Generally refrigerators or hot water tanks aren't considered batteries, but its true that electricity is not the only form of energy we use. It's just the most easily distributed.
I'm surprised since they use so many machine tools, they don't have a compressed air system. That can also be a form of energy storage. There's already a bunch of machine tools that run exclusively on compressed air.
Industrial compressed air isn't usually compressed enough to make a good storage medium - usually people talking about compressed air storage are dealing with 200+bar, whereas industrial compressed air is only ~8 bar. That means you need really big tanks.
Compressed air motors and compressors are also pretty inefficient and large systems leak like a seive. They're used for convenience, safety, size, and light weight, not efficiency.
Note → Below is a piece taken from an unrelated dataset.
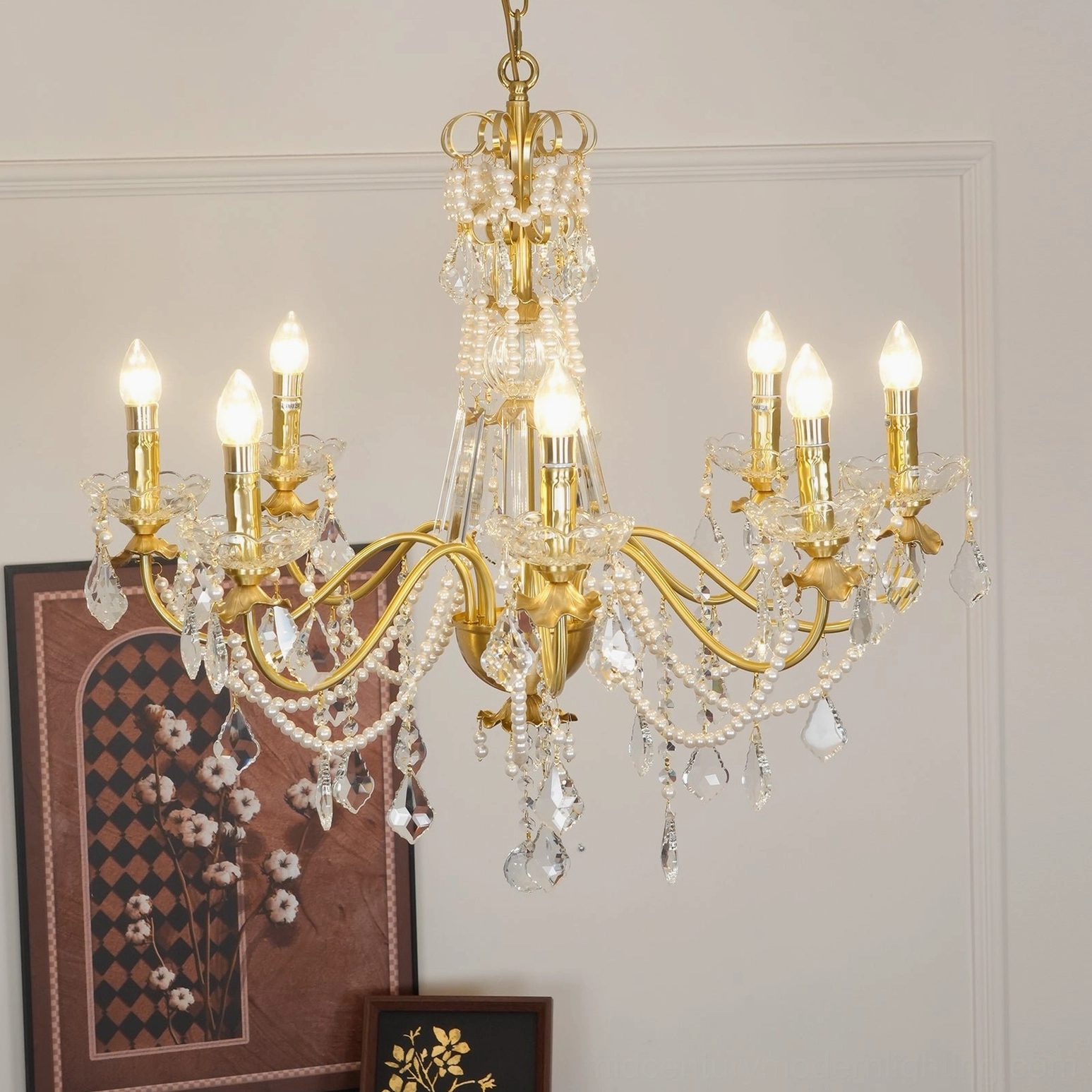 Crystal chandelier with brass candle arms and hanging crystal decorations in transitional interior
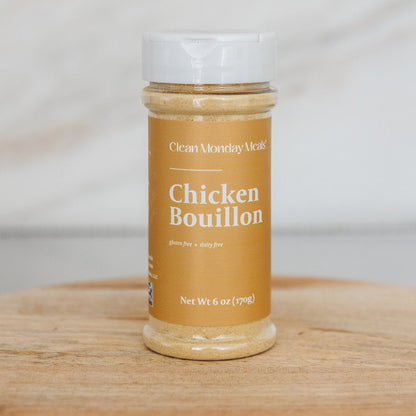 Clean Monday Meals Chicken Bouillon seasoning in a jar, with a close-up view of the label and seasoning granules inside.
Battery cordless is much more efficient.
A laptop, phone, and rechargeable flashlight have an inconsequential amount of lithium compared to a battery bank that is typically packaged with a home solar system.
Trouble is "don't use electricity after dark" is still unimaginable for most Americans.
That's one of the "benefits" of the steady crumbling of the world's infrastructure. Most of the world is used to routine scheduled power outages due to lack of resources and the US is soon to join that club. When people are used to not having electricity on demand and batteries get more expensive as we run out of lithium and rare earths, direct solar will be less of a hard sell.